== DATA TO USE

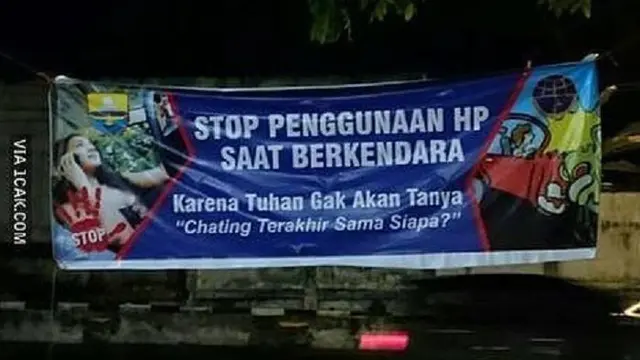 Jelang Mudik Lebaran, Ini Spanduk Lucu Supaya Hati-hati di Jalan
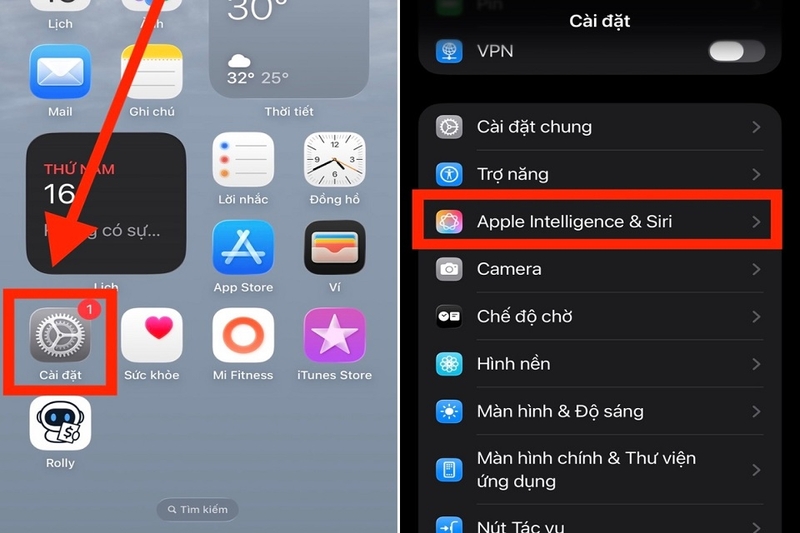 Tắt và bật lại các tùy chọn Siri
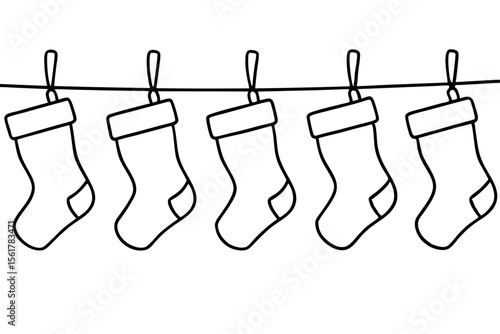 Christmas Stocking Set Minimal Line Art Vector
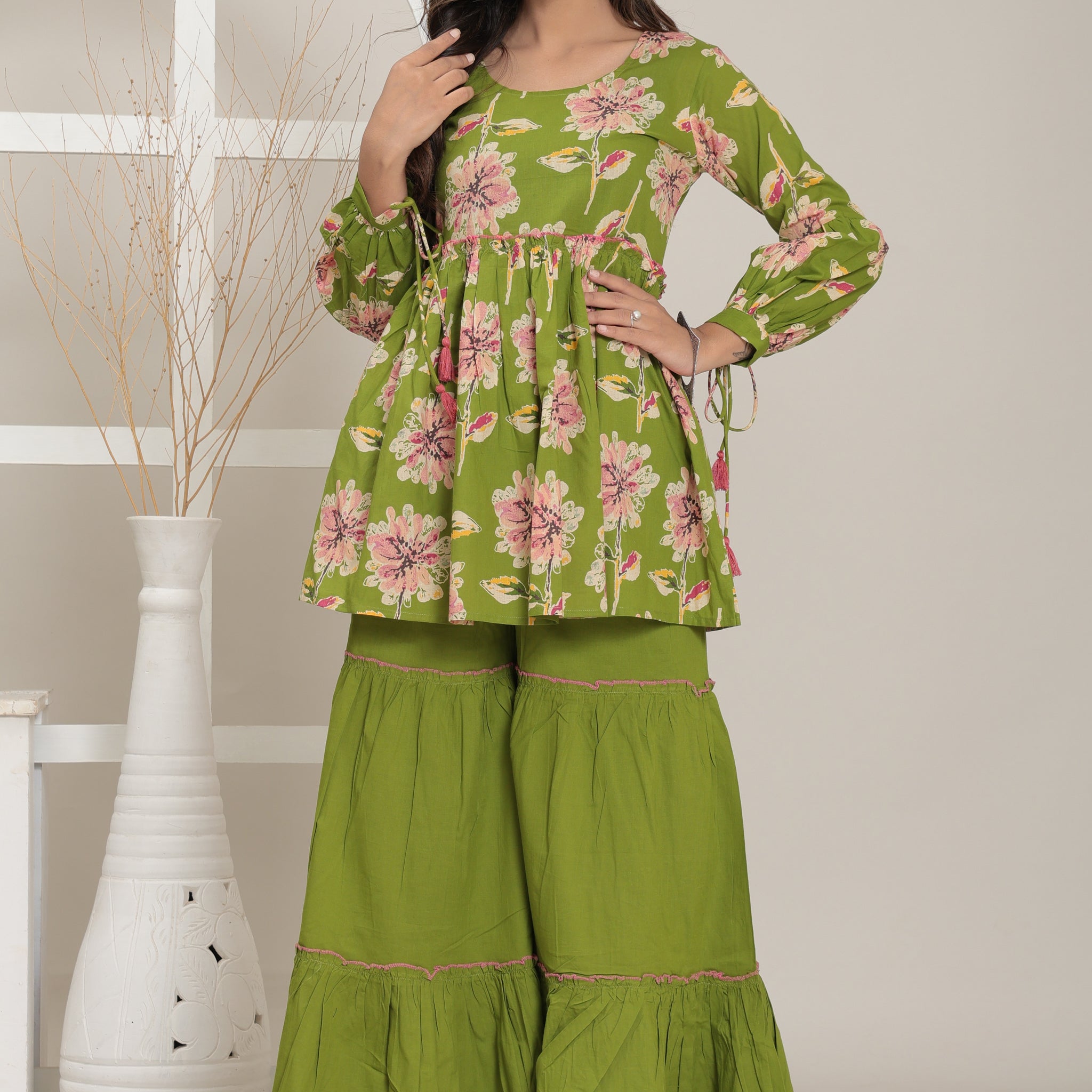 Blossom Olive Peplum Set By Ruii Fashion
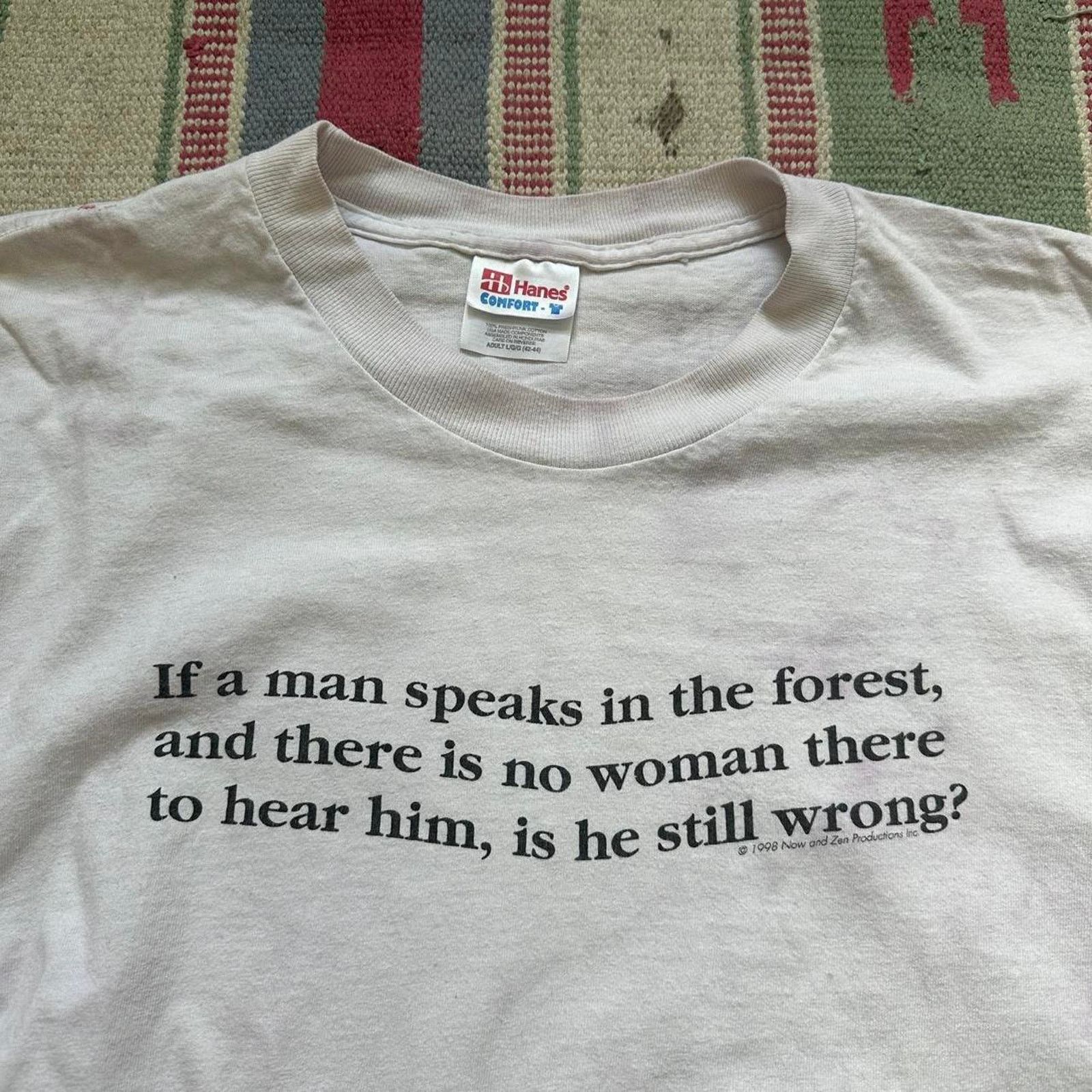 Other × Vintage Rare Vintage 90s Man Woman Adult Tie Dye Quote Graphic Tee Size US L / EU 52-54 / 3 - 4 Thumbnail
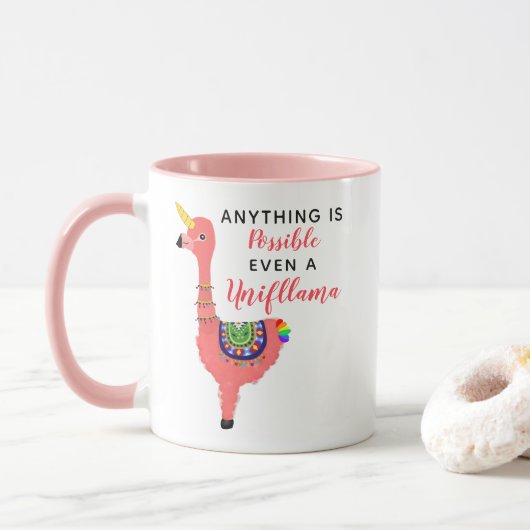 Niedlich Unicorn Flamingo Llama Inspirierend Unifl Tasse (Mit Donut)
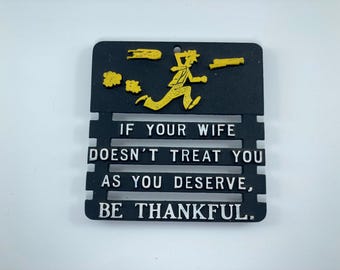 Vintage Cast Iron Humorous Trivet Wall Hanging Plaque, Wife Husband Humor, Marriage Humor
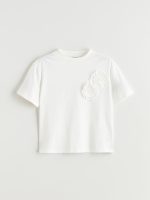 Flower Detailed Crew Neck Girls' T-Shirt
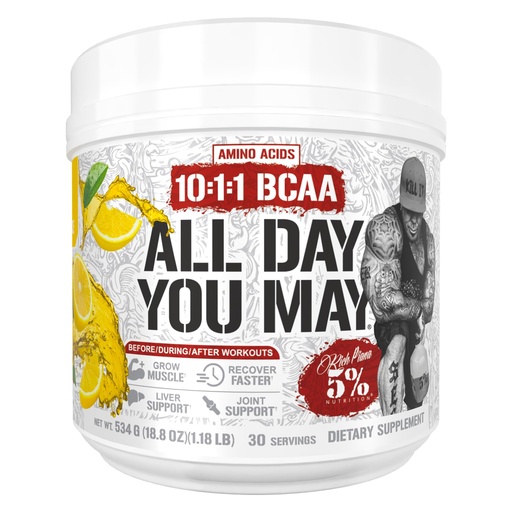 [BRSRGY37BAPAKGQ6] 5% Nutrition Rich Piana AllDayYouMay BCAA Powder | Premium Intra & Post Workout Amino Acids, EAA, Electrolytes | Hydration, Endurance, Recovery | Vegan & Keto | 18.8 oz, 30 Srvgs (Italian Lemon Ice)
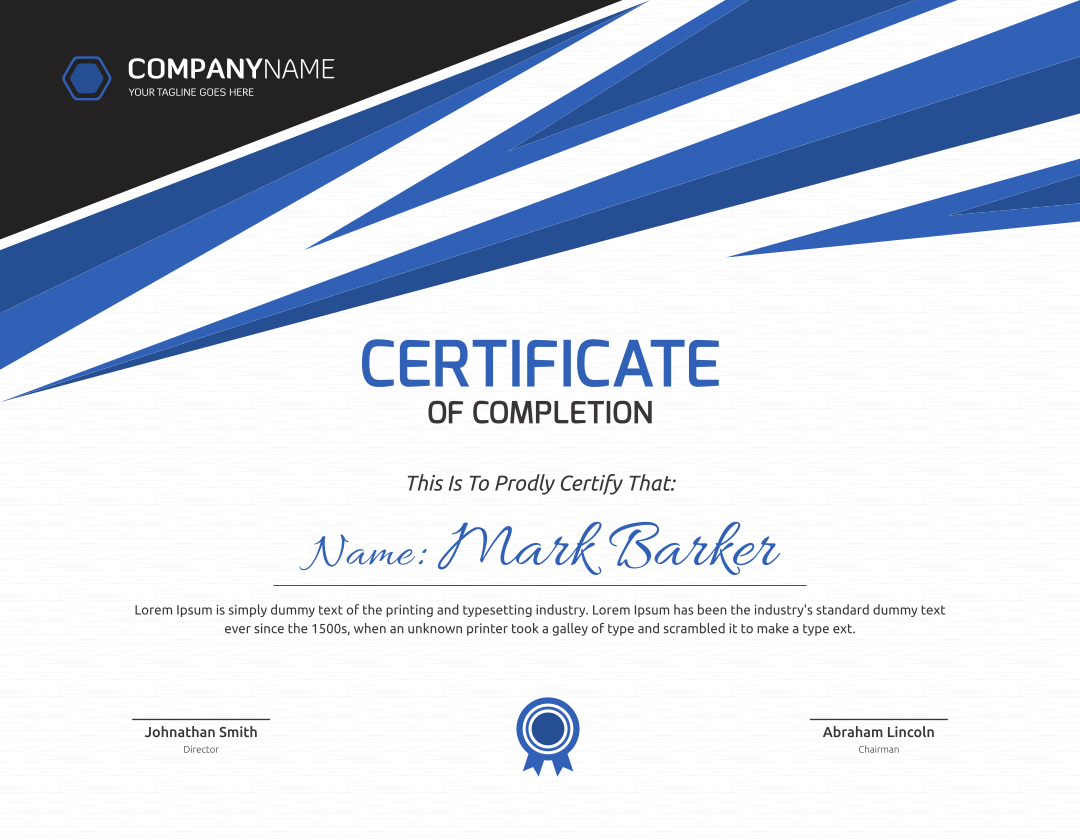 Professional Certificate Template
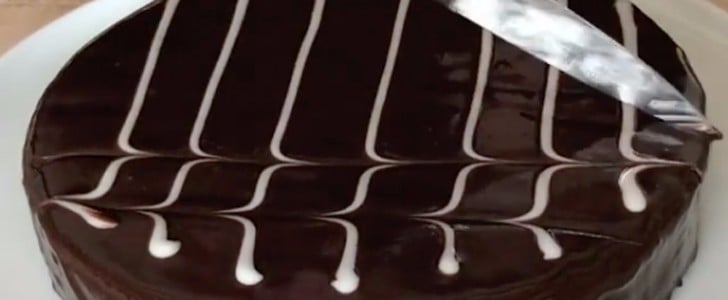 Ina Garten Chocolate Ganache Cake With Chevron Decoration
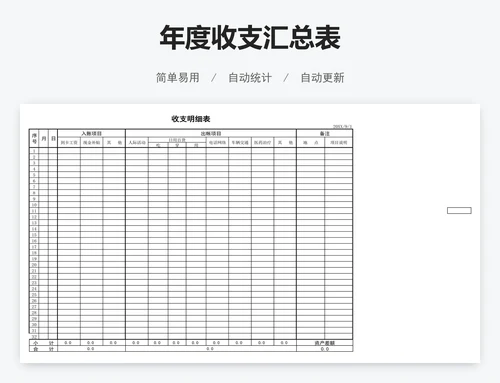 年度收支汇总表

====

» EXERCISE PROMPT: Transcribe exactly the span of lines that opens with the line holding "[BRSRGY37BAPAKGQ6] 5% Nutrition" and closes with the last line of the entries above. Omit pictures.

» ANSWER TO THE EXERCISE:
 [BRSRGY37BAPAKGQ6] 5% Nutrition Rich Piana AllDayYouMay BCAA Powder | Premium Intra & Post Workout Amino Acids, EAA, Electrolytes | Hydration, Endurance, Recovery | Vegan & Keto | 18.8 oz, 30 Srvgs (Italian Lemon Ice)
 Professional Certificate Template
 Ina Garten Chocolate Ganache Cake With Chevron Decoration
 年度收支汇总表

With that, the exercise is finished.